The 17-year-old Somali who was beaten last week in an unprovoked roadside attack tells Kurt Sansone that he is afraid to return to Ħal Far.

Abditafah Mohamed was cycling along the main road in Ħal Far with a friend last Monday night when a black car pulled over beside the pavement. Three men got out and attacked them.

The friend managed to escape and ran back to the open centre to ask for help. Mr Mohamed was less fortunate.

With the help of a Somali interpreter he recounts what happened. His broken eyes stare into emptiness as he remembers how he was hit hard on the back of his head behind his right ear.

"I fell to the ground and my head felt dizzy. They continued to hit me. I was seeing but my head was spinning. I don't know what they hit me with or whether they were kicking me. I recall them putting me in the middle of the road before they left."

The attack left him with head injuries. His right eye is still bloodshot and doctors told him that he suffered internal bleeding in his head and ribs.

"I am doing well," he said, evidently trying to sound much better than he actually is. He describes the attackers as "young and very strong" and recalls seeing them with "things" in their hands. "They were using angry Maltese words. They were not kind people," he said.

The attack did not last more than five minutes but it was long enough. Almost five days later Mr Mohamed said he was scared to go back to the Ħal Far open centre.

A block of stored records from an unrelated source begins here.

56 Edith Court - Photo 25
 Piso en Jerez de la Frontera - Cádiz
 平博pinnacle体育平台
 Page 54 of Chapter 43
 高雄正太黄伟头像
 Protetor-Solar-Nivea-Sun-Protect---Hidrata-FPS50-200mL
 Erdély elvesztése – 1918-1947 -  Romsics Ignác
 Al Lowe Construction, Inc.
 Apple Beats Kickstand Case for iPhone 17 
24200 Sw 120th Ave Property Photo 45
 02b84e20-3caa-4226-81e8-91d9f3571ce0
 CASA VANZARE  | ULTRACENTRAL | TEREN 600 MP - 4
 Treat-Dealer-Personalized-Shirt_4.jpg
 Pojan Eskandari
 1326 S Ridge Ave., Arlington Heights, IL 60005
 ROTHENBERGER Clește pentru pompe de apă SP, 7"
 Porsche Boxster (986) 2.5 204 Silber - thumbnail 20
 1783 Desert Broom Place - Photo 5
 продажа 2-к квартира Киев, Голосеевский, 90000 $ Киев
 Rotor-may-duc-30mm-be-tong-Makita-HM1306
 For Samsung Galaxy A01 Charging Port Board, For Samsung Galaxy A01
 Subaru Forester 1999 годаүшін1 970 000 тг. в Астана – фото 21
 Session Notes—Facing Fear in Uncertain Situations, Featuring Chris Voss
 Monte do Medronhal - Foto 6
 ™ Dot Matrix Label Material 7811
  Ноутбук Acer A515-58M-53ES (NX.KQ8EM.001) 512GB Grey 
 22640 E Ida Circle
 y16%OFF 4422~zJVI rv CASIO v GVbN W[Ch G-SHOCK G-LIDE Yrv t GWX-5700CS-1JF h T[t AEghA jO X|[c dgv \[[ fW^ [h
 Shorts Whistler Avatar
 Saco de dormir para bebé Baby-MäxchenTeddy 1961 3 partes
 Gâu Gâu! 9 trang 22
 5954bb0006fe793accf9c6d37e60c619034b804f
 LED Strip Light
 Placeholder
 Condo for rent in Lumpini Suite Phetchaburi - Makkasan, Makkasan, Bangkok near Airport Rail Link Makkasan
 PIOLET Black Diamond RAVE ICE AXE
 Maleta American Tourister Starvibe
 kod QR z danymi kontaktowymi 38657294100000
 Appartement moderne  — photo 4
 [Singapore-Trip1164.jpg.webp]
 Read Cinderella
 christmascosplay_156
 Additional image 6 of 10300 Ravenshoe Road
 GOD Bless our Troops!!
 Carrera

"I feel that my life is in danger. I am scared and I do not know where I will go and what to do. I'm not going back to Ħal Far. It is a dangerous place. The government will decide where to put me," he said, obviously agitated.

Mr Mohamed does not know what the motivation for the attack might have been. After beating him up the aggressors stole his wallet, mobile phone and ID card.

"If they just wanted my money they wouldn't have tried to kill me and put me in the middle of the street," he said.

Contrary to what was initially reported last week, a man on a motorcycle found Mr Mohamed lying in the middle of the road.

A police statement had said that when the police were assisting Mr Mohamed a man riding a motorcycle had mistook the scene for a roadblock and drove by the side trampling over the Somali's legs.

From underneath the bed sheets he exposes his legs. There are no visible injuries.

According to Mr Mohamed, his friends, who arrived on the spot soon after, saw the man helping him.

"I would like to publicly thank this man because from what my friends told me he stopped in the middle of the road to make sure cars did not hit me and he also called the police. I do not know who he is," Mr Mohamed says.

He added that the police had not yet spoken to him about the incident but he hoped they would do everything in their power to catch these men.

"People are not all the same. Some are good, some are bad. However, I am scared to stay in Malta," he said when asked whether the incident had changed his impression of Maltese people.

Mr Mohamed arrived in Malta in July 2008. He was granted freedom from detention last January and was transferred to the Ħal Far open centre, the place he now does not want to return to for fear of his life.